• [Your instructions]:
For this exercise, transcribe all the entries exactly as given and omit the images.

(Crawled caption data)
- - -
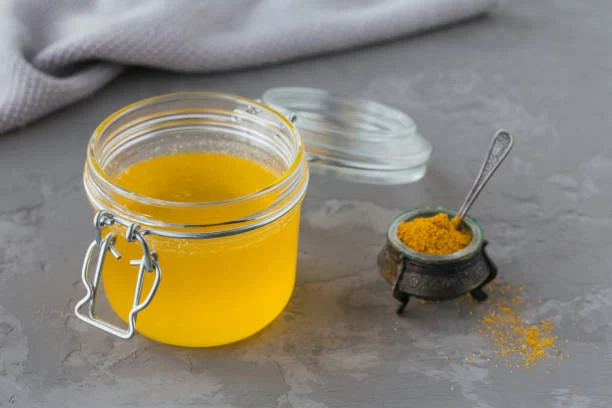 Cómo preparar un aceite desinflamatorio y antioxidante que está revolucionando las redes Cómo preparar un aceite desinflamatorio y antioxidante que está revolucionando las redes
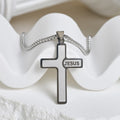 Collier Croix Minimaliste avec Détail « JESUS » : Expression Discrète de la Foi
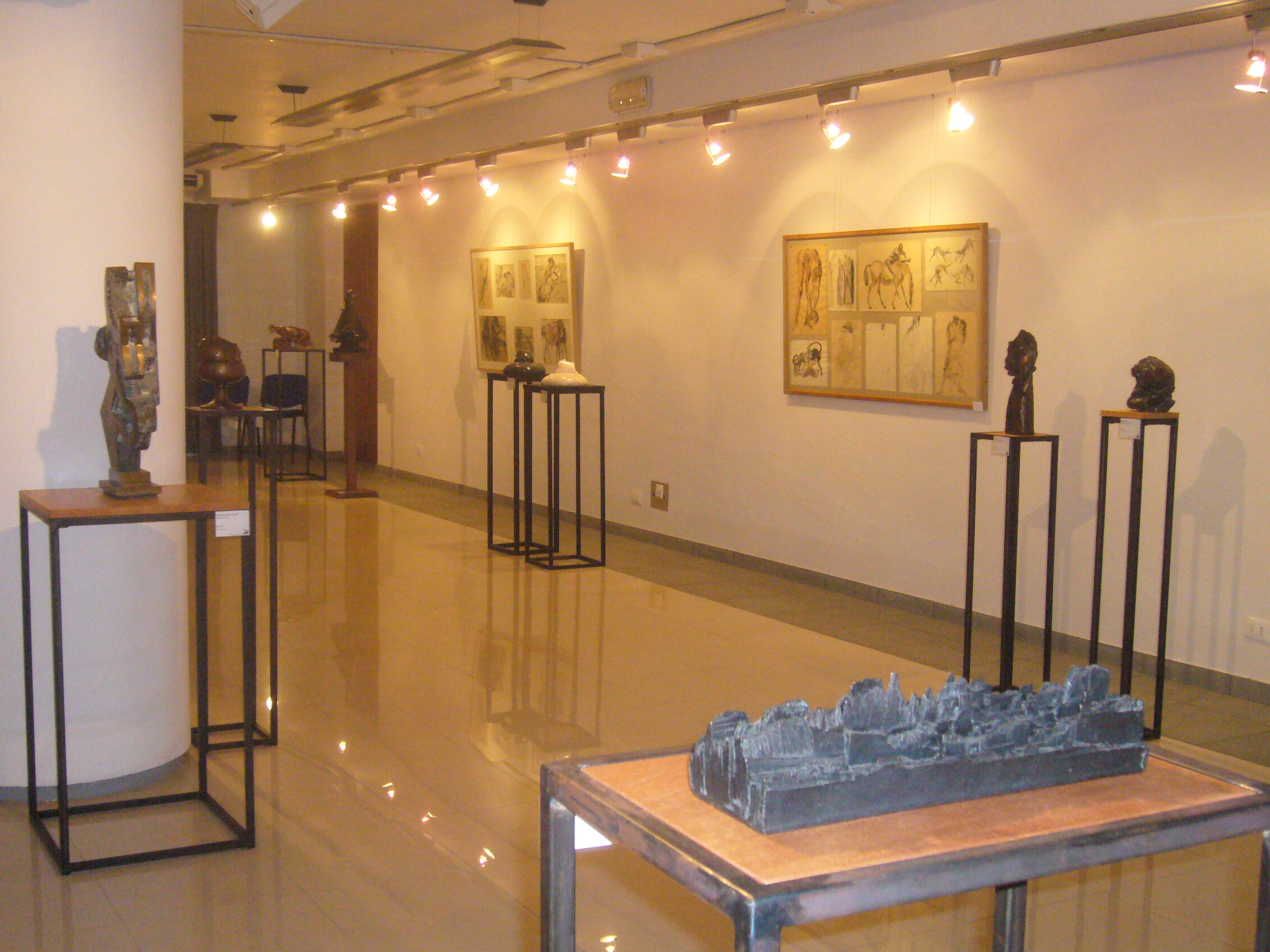ITINERARI NELLA SCULTURA DEL '900
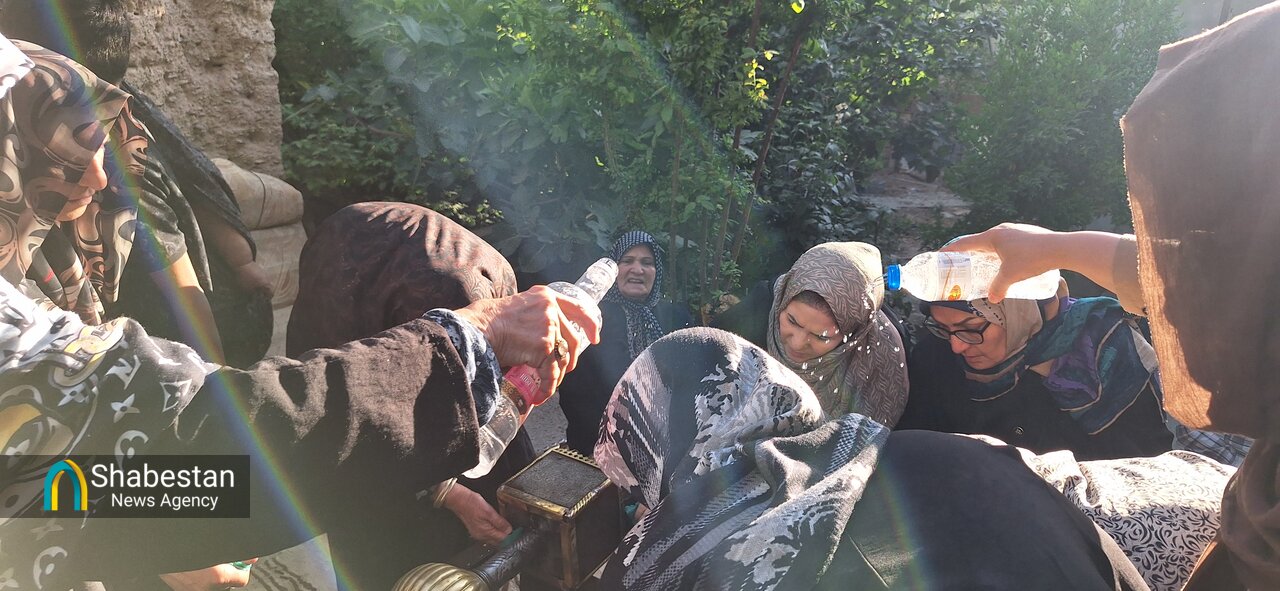 علمشویان روستای انجدان با آب و گلاب ؛ حلقه طلاییِ وصل بین نسلها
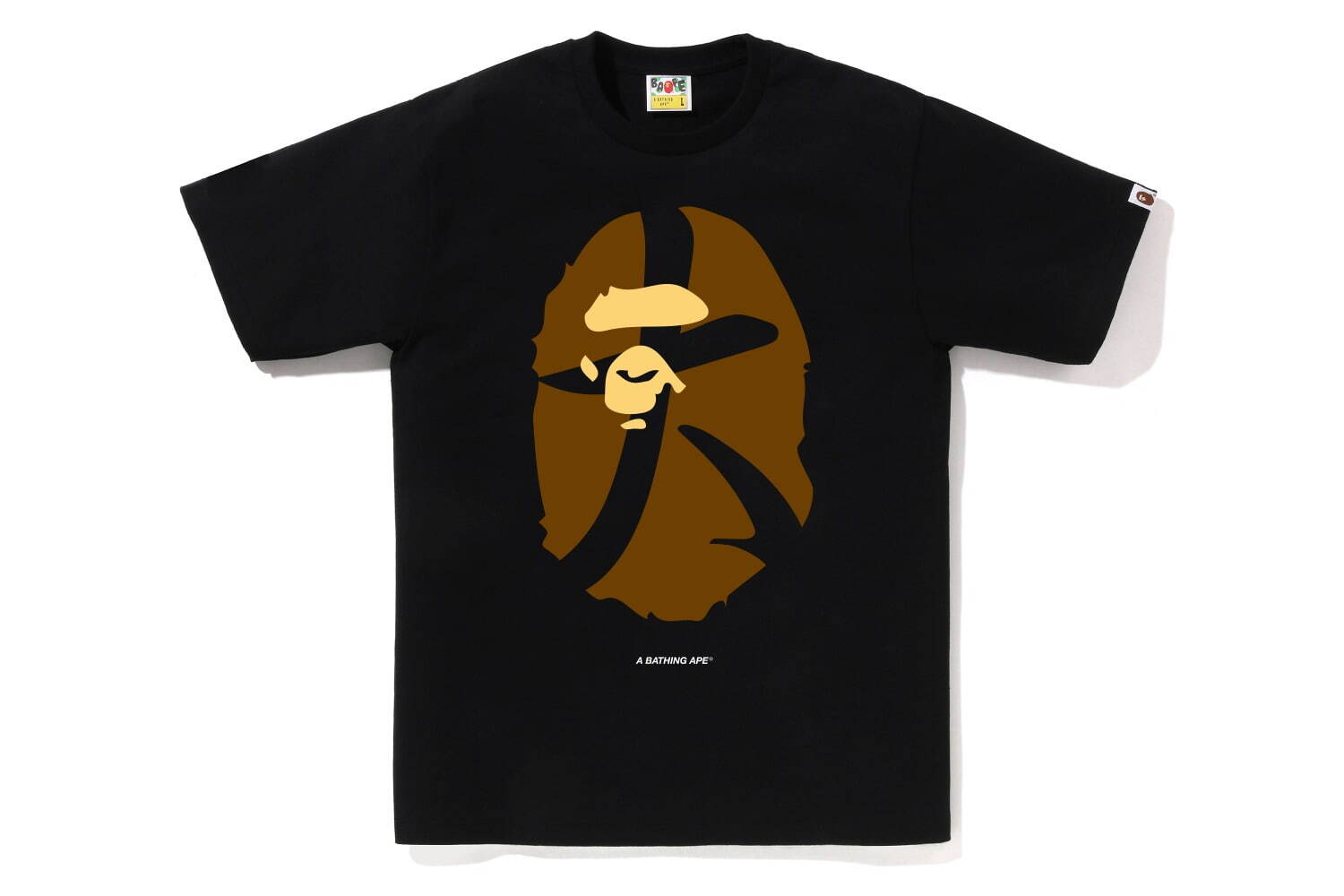 エイプヘッド オオサカ TEE(メンズ) 10,780円、(キッズ) 7,480円
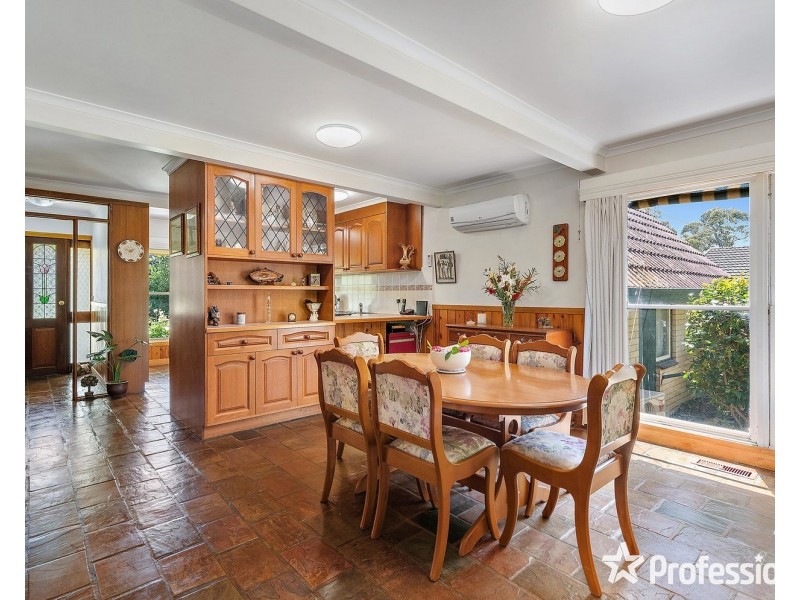 65 Forest Road, Wandin North VIC 3139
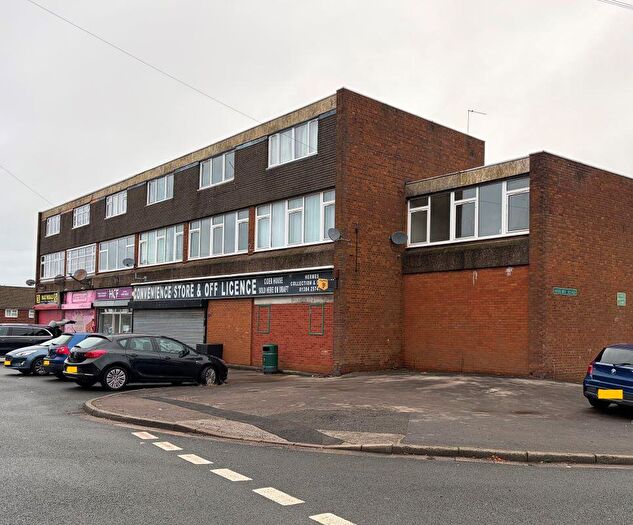 2 Bedroom Flat For Sale In B Wheatsheaf Road, Tividale, Oldbury, West Midlands, B69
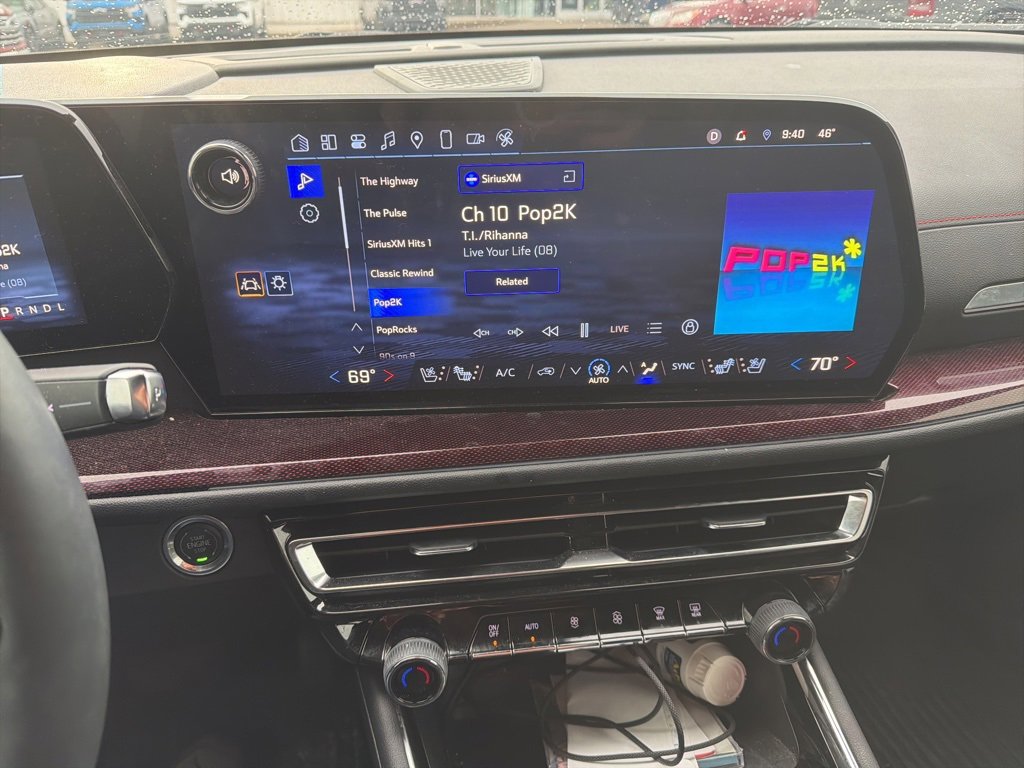 Used 2025 Chevrolet Traverse RS w/ LPO, Floor Liner Package image 12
- - -
• [Answer area]:
 Cómo preparar un aceite desinflamatorio y antioxidante que está revolucionando las redes Cómo preparar un aceite desinflamatorio y antioxidante que está revolucionando las redes
 Collier Croix Minimaliste avec Détail « JESUS » : Expression Discrète de la Foi
ITINERARI NELLA SCULTURA DEL '900
 علمشویان روستای انجدان با آب و گلاب ؛ حلقه طلاییِ وصل بین نسلها
 エイプヘッド オオサカ TEE(メンズ) 10,780円、(キッズ) 7,480円
 65 Forest Road, Wandin North VIC 3139
 2 Bedroom Flat For Sale In B Wheatsheaf Road, Tividale, Oldbury, West Midlands, B69
 Used 2025 Chevrolet Traverse RS w/ LPO, Floor Liner Package image 12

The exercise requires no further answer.